Leur autorité s’était imposée comme allant de soi.
Qu’il s’agisse de Giscard d’Estaing en 1981, de Mitterrand en 1988, de Chirac en 2002, ou de Sarkozy en 2012… Tous, à un an de l’échéance, avaient su imposer comme «naturel» le fait de vouloir signer un nouveau bail élyséen. Leur autorité, au sens arendtien du terme, s’était parfaitement imposée comme allant de soi. Même Mitterrand, bravant la majorité des éditorialistes, avait su faire taire le vibrionnant Michel Rocard qui pensait son heure venue, l’obligeant à honorer le mitterrandisme, ses pompes, ses œuvres et sa communication concoctée par Jacques Pilhan.
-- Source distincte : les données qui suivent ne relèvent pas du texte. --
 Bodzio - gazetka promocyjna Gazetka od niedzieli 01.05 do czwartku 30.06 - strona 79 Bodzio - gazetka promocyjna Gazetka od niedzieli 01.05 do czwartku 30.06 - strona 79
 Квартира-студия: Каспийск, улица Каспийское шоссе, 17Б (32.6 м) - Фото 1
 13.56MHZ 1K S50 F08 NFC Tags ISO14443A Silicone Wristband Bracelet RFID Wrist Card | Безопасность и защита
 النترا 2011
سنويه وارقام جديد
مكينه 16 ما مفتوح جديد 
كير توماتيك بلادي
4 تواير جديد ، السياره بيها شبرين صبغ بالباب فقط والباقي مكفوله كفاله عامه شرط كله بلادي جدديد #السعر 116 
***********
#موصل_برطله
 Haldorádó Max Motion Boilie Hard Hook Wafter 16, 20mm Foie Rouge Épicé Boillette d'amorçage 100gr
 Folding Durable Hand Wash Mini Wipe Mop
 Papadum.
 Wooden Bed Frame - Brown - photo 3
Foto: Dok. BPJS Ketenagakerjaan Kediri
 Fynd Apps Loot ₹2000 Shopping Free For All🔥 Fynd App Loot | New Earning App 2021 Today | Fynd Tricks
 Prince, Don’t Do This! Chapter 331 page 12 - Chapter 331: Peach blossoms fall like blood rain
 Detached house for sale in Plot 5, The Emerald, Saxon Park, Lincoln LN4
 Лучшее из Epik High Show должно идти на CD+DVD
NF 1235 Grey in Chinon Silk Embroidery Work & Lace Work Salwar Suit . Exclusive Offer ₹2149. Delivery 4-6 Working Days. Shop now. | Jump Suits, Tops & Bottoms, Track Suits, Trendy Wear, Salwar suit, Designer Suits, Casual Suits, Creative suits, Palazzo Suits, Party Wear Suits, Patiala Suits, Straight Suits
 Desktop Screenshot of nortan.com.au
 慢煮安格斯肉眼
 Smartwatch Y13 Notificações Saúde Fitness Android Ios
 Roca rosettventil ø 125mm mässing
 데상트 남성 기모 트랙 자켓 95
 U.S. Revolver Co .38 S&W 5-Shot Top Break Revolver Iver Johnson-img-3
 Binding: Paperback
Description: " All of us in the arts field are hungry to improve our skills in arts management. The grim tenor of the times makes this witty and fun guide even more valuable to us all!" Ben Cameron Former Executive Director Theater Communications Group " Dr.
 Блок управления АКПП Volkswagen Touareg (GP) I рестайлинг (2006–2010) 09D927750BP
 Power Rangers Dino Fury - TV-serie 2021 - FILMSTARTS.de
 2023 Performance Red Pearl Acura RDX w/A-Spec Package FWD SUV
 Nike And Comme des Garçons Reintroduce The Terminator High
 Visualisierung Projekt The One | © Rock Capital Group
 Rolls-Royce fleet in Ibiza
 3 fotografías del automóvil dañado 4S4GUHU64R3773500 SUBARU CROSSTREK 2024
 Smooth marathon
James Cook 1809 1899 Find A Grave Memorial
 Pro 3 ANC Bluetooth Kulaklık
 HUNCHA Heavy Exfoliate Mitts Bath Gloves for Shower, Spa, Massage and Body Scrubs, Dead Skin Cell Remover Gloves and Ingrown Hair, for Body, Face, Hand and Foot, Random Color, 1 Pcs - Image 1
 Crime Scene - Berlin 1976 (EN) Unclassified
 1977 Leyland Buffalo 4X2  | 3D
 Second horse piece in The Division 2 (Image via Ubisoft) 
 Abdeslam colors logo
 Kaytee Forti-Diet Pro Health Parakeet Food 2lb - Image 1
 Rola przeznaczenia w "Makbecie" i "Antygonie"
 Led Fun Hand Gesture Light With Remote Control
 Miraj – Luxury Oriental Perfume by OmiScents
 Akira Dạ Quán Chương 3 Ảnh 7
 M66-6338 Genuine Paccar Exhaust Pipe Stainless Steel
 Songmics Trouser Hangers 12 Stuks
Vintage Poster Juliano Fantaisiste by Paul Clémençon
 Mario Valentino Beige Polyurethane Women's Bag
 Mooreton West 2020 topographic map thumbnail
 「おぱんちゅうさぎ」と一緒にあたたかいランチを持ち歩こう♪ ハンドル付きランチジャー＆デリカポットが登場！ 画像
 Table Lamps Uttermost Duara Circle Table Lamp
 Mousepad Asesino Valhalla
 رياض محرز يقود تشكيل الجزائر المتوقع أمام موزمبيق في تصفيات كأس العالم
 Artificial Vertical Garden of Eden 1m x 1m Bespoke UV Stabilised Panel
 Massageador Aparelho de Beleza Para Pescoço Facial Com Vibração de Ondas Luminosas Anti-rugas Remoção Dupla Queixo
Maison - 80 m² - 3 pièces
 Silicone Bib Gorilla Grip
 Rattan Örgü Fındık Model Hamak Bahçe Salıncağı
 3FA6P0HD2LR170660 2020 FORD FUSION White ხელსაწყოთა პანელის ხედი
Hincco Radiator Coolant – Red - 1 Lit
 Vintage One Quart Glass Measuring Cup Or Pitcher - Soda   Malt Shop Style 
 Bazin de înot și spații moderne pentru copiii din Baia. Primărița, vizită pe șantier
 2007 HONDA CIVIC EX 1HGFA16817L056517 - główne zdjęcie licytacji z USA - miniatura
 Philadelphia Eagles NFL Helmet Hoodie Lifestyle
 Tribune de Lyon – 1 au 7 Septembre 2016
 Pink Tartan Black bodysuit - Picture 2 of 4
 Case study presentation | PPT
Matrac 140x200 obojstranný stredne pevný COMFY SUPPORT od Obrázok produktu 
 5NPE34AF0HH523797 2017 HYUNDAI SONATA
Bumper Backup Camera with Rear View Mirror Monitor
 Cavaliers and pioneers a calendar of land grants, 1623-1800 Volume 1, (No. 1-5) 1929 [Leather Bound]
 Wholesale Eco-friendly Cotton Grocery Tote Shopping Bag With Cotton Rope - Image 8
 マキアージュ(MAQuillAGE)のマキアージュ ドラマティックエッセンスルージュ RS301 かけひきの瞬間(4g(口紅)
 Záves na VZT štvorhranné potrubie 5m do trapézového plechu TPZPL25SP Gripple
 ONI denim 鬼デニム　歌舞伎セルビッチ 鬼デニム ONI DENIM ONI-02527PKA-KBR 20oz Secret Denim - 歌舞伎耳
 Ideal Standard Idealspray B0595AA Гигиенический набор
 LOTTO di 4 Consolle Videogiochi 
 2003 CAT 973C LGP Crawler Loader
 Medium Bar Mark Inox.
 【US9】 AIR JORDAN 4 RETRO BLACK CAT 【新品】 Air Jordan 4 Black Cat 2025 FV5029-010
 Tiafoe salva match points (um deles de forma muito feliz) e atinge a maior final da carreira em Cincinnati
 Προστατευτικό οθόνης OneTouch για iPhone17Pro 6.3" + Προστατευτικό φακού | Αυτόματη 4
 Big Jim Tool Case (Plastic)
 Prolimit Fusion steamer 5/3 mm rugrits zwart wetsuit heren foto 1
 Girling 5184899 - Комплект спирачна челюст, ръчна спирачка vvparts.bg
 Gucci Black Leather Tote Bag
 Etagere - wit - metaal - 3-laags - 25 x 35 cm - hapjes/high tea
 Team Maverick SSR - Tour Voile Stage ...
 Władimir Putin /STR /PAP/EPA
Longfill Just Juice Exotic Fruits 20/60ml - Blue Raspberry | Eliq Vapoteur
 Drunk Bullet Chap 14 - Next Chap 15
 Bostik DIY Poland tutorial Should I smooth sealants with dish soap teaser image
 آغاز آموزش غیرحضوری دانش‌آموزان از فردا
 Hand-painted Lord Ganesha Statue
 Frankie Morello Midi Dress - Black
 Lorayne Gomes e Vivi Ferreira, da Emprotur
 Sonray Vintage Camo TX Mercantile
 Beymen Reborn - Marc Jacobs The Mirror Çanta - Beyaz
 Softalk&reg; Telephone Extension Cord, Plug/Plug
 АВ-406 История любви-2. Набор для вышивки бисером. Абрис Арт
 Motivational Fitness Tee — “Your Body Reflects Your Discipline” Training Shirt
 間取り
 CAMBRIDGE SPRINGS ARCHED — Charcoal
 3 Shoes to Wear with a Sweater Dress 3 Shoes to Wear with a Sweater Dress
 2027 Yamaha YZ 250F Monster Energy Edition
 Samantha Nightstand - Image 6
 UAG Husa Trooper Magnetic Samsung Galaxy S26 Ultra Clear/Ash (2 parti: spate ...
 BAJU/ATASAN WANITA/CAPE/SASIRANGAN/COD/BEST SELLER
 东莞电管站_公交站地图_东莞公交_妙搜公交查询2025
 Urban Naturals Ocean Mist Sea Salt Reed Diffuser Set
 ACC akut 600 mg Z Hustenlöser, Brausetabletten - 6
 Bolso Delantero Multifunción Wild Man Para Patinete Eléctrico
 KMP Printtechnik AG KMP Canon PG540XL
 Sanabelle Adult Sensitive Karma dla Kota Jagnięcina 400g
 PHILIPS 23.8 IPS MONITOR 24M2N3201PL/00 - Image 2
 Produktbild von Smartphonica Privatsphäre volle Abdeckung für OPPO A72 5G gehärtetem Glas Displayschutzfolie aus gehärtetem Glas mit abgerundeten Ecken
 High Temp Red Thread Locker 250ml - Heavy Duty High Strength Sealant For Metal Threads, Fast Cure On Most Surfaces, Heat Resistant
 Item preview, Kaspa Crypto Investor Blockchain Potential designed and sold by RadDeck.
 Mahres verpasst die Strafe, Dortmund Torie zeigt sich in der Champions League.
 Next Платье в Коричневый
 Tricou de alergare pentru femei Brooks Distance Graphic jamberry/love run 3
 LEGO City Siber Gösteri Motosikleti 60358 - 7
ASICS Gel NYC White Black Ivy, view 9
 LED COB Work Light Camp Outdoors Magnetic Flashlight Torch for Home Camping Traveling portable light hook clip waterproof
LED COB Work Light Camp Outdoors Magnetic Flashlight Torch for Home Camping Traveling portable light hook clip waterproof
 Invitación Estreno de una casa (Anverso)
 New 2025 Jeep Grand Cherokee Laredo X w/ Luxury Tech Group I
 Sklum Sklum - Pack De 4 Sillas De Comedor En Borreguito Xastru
Aujourd’hui, dans la gauche gouvernementale, on compte déjà au moins trois candidats : Manuel Valls, qui se met de plus en plus en situation d’être le nouveau François Fillon, Arnaud Montebourg, parti trop tôt de l’exécutif et trop tard à la présidentielle, et Emmanuel Macron, qui tisse une toile dont les fils sont partout et le centre nulle part. Reconnaissons cependant que ces trois prétendants ont sinon trois discours, du moins trois sensibilités bien différentes et clairement assumées : républicain et laïc pour le premier, gaulliste social pour le deuxième, social-libéral pour le troisième. On peut les contester, les critiquer, les amender, mais pas nier le fait que leur ambition s’accompagne d’une réflexion. En revanche, du côté de François Hollande, on cherche encore le chapitre du roman national qu’il souhaite écrire… Presque cinq ans après son élection, l’élève en est toujours à l’angoisse de la page blanche.
* Violences d’aujourd’hui, violence de toujours, collectif, L’Age d’homme.